Response: What SIZE SAILBOAT should you buy? HOW BIG is TOO BIG?

https://www.youtube.com/watch?v=6Fv-0aDO2Wg

   I use the following to determine the size of a monohull boat I think is good enough and the rules for evaluating other boats. 

   Let’s say I pick a 45-foot boat, then I’d expect the beam to be 15 feet (carried one third from the stern to midship), the draft to be at least 5 feet, and the free board to be at least 5 feet (or about a tenth the length of the waterline!). Basically, it’s the rule of thirds. In reverse if I have a boat that must fit on an American trailer the boat can’t be wider than 8 feet so should be no longer than 24 feet and have a draft around 2 feet (not counting a swing keel). 

   Using the above formulation another example can be derived. For open sea work you want the freeboard to be the height of most working waves and to be at least one third the size of a rogue or storm waves. Similarly in construction of glass boats the free board should be a third thicker for every third of the way to the waterline. A two-inch-thick hull at the cap rail would be a four-inch-thick hull at the water line to keel (now that is beefy). 

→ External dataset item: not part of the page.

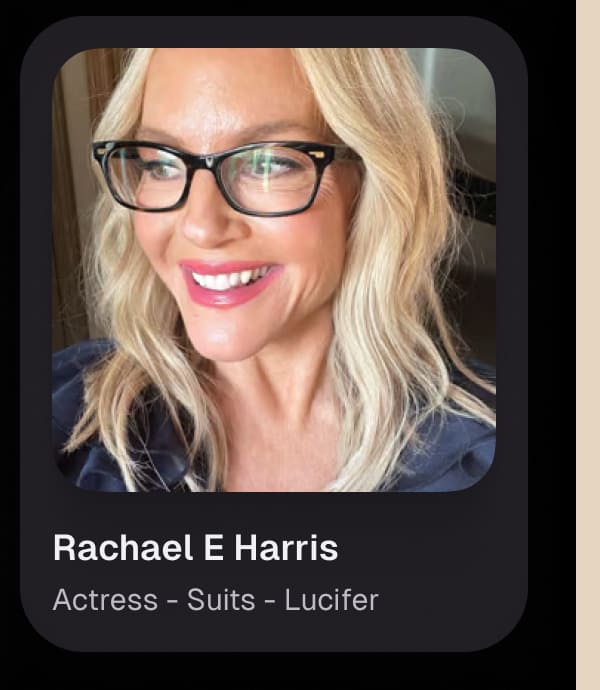 Rachael E Harris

   For sea kindly rig you don’t want the rig to be much more than a third longer than the length over all the boat. So, a 40-foot boat could carry a 60-foot rig. 

   If you take all these numbers determine ballast at between a third and half the weight of the boat all in. Then you start coming up with volume and internal weight numbers that are consistent. That is where design starts to diverge and why all boats don’t look alike. As such there are lots and lots of examples of boats that simply don’t match (like nearly every performance race boat). 

Given all that, Uffa Fox supposedly said a man needs a boat with a foot of waterline for every year of his age. I think it better said a man needs a boat with a foot of waterline for every year of the age he acts. I’m going to keep acting like a 40 year old reprobate as long as I can.